**ASSIGNMENT**
If a line in the records below holds the string "City", count it; give only the total.

**EXERCISE INPUTS**
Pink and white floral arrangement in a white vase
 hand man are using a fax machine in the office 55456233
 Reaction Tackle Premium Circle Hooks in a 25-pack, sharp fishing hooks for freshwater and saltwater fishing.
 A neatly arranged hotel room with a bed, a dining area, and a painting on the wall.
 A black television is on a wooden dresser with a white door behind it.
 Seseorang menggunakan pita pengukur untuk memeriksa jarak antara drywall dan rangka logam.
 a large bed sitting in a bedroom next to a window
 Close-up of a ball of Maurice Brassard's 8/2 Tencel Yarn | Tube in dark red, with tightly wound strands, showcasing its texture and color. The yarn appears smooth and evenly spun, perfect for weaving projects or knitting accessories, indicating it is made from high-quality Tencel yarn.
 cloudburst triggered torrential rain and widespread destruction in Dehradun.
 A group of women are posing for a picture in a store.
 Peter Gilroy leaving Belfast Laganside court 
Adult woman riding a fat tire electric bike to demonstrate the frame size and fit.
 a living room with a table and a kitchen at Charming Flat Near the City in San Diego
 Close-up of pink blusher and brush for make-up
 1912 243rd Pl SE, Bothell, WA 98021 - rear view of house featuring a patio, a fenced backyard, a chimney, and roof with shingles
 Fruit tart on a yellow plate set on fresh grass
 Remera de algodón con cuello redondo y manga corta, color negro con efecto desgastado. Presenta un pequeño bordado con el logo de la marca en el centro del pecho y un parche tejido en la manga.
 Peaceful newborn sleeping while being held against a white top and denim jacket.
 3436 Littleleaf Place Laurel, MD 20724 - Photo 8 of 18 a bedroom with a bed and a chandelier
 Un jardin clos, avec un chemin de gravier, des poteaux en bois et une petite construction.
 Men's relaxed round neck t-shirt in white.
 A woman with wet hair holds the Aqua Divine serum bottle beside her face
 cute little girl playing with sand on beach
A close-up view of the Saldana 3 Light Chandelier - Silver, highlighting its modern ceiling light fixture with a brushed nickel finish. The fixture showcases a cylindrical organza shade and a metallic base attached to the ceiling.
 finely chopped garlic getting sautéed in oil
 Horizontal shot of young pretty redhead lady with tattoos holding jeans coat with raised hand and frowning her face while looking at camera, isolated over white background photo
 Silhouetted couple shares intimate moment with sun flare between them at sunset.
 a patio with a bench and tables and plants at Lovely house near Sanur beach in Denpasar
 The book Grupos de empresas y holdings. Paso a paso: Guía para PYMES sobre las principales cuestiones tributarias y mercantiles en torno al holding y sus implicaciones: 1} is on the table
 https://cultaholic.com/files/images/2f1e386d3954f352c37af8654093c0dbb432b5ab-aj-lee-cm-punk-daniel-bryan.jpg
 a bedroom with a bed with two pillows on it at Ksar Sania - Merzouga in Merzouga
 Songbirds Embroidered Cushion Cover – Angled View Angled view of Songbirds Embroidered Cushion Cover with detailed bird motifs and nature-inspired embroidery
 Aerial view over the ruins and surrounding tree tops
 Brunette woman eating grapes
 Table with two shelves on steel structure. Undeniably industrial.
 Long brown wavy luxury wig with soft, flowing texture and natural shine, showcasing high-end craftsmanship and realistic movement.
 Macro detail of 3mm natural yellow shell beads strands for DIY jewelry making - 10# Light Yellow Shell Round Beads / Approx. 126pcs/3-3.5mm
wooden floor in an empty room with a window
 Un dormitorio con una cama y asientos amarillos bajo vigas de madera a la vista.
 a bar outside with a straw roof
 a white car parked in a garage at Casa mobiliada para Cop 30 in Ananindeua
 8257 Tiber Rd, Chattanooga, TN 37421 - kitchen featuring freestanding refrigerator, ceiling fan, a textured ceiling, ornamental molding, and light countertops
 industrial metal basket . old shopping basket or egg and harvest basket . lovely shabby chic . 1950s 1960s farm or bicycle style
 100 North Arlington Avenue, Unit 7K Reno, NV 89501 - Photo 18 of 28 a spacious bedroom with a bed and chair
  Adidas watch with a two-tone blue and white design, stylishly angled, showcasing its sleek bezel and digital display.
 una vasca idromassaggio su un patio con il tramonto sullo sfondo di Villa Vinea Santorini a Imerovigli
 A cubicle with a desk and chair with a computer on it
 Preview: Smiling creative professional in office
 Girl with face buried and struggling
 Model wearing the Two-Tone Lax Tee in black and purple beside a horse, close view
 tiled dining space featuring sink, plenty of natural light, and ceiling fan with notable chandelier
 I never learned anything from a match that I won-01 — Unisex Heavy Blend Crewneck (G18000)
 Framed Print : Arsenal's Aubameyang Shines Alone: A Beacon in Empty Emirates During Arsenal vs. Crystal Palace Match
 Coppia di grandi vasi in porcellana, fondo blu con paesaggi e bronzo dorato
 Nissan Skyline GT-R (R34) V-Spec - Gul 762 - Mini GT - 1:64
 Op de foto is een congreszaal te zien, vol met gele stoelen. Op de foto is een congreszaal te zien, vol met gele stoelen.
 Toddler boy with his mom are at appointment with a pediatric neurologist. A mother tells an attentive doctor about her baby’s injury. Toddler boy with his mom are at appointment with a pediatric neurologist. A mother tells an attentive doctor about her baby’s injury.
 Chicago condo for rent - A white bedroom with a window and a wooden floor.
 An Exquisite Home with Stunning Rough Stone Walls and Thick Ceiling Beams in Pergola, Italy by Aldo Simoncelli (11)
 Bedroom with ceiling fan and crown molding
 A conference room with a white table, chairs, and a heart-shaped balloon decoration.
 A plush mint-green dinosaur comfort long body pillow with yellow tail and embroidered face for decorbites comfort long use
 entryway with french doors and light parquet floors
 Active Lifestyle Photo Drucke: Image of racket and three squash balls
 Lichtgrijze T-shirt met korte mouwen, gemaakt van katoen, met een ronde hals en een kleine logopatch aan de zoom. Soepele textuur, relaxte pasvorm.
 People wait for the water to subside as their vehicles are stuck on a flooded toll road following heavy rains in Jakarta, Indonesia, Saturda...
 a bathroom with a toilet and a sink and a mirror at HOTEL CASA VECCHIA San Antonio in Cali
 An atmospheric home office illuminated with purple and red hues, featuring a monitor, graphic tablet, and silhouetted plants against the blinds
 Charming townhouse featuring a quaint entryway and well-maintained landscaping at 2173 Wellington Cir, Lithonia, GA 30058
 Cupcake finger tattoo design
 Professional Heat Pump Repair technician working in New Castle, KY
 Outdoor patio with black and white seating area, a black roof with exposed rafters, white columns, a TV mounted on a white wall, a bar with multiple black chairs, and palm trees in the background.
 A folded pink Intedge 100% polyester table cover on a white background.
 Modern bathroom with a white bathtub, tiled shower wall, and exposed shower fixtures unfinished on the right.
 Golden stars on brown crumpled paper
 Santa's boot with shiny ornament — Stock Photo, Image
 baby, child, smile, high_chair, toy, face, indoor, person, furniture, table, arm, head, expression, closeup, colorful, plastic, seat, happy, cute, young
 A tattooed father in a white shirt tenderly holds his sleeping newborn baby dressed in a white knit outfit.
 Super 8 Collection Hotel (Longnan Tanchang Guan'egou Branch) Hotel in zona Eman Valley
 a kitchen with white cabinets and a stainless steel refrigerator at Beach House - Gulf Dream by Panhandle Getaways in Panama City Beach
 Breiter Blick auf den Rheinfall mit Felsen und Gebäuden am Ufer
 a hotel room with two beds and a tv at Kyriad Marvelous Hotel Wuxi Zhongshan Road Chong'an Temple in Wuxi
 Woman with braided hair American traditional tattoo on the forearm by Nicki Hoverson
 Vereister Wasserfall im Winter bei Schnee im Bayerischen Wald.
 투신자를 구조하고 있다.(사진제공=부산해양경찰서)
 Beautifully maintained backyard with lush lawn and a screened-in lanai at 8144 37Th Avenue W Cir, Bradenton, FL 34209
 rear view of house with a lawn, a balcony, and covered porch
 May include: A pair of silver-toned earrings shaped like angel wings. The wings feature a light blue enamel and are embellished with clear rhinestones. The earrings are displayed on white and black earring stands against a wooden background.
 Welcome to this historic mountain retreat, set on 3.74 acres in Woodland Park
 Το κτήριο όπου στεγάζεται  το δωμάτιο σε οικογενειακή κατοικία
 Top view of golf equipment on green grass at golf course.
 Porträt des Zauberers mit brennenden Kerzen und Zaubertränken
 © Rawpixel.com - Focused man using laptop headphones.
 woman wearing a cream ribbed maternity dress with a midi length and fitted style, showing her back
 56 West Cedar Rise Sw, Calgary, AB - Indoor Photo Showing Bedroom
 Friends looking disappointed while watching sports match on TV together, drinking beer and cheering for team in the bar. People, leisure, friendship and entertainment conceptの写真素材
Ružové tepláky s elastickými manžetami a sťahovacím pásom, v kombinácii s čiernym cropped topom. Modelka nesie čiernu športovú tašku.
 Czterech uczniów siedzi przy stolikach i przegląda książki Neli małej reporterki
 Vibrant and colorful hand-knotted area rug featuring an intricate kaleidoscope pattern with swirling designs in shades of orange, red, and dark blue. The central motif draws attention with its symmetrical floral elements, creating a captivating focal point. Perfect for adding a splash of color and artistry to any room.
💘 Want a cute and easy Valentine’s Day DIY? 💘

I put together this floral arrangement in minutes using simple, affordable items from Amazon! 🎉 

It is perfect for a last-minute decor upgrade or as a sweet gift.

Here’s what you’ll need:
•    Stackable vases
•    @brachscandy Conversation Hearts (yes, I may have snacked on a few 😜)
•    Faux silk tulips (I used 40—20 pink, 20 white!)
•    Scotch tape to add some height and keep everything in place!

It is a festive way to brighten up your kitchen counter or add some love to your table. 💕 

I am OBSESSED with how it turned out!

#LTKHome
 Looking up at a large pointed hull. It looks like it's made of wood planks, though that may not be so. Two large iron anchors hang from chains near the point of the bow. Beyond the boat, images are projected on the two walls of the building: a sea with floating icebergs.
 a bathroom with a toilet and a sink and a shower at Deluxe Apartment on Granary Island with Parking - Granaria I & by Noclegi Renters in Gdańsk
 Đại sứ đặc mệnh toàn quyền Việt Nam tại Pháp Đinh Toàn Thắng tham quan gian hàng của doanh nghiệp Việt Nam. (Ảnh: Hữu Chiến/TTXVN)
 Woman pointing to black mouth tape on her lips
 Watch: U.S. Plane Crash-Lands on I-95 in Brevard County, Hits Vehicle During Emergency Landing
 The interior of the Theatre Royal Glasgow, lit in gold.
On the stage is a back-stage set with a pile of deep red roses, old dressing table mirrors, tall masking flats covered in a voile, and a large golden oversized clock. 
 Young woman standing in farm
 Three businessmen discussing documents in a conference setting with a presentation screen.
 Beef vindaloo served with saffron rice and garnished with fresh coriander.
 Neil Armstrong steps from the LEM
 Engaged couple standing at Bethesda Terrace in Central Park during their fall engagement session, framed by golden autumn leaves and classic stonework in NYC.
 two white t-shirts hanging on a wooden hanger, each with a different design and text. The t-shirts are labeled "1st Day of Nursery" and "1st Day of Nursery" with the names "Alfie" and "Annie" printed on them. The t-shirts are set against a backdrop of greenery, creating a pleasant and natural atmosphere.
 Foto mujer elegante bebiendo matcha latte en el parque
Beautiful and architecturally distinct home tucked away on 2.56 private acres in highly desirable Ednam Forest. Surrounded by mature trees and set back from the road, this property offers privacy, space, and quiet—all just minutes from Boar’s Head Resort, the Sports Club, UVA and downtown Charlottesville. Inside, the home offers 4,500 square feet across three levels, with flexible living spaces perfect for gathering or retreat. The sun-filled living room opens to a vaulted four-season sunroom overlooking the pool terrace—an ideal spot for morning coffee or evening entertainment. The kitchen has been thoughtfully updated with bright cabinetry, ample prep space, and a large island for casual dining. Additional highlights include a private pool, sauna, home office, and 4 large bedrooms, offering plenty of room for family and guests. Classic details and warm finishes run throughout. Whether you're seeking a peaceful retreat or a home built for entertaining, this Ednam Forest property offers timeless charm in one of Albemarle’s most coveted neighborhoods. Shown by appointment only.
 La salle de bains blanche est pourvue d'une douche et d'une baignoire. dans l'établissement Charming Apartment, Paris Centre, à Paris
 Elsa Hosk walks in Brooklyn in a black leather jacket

**RESULT OF THE EXERCISE**
2